__Work task__. Produce a word-for-word copy of the line that contains "5274 Powers Ferry" and each line after it through the end of the material, omitting pictures and all other lines.

__Data shown__.
•••••

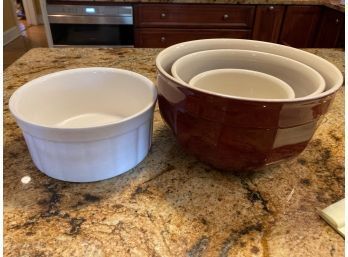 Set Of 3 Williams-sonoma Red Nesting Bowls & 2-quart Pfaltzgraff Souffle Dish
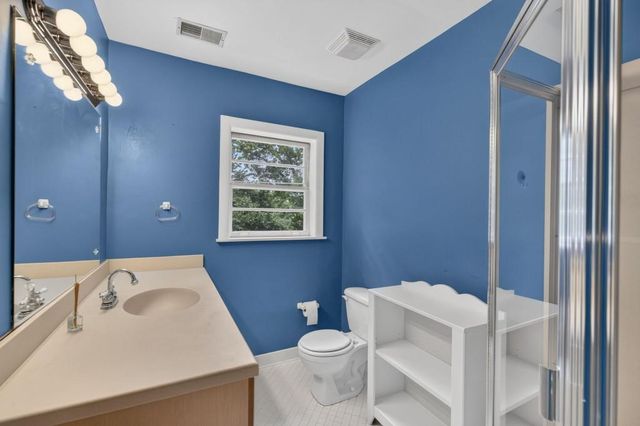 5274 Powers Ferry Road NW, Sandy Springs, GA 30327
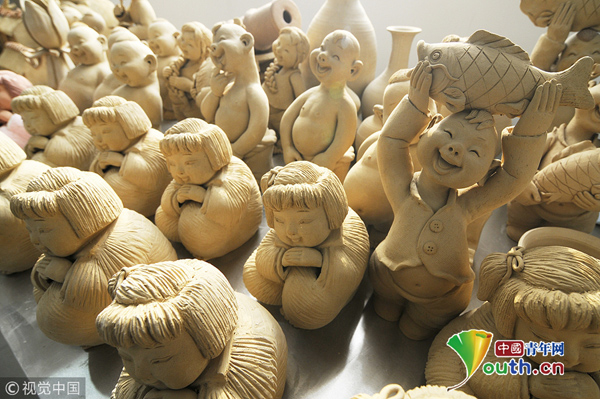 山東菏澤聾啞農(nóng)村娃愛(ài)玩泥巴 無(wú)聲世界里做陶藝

•••••

__The answer__.
 5274 Powers Ferry Road NW, Sandy Springs, GA 30327
 山東菏澤聾啞農(nóng)村娃愛(ài)玩泥巴 無(wú)聲世界里做陶藝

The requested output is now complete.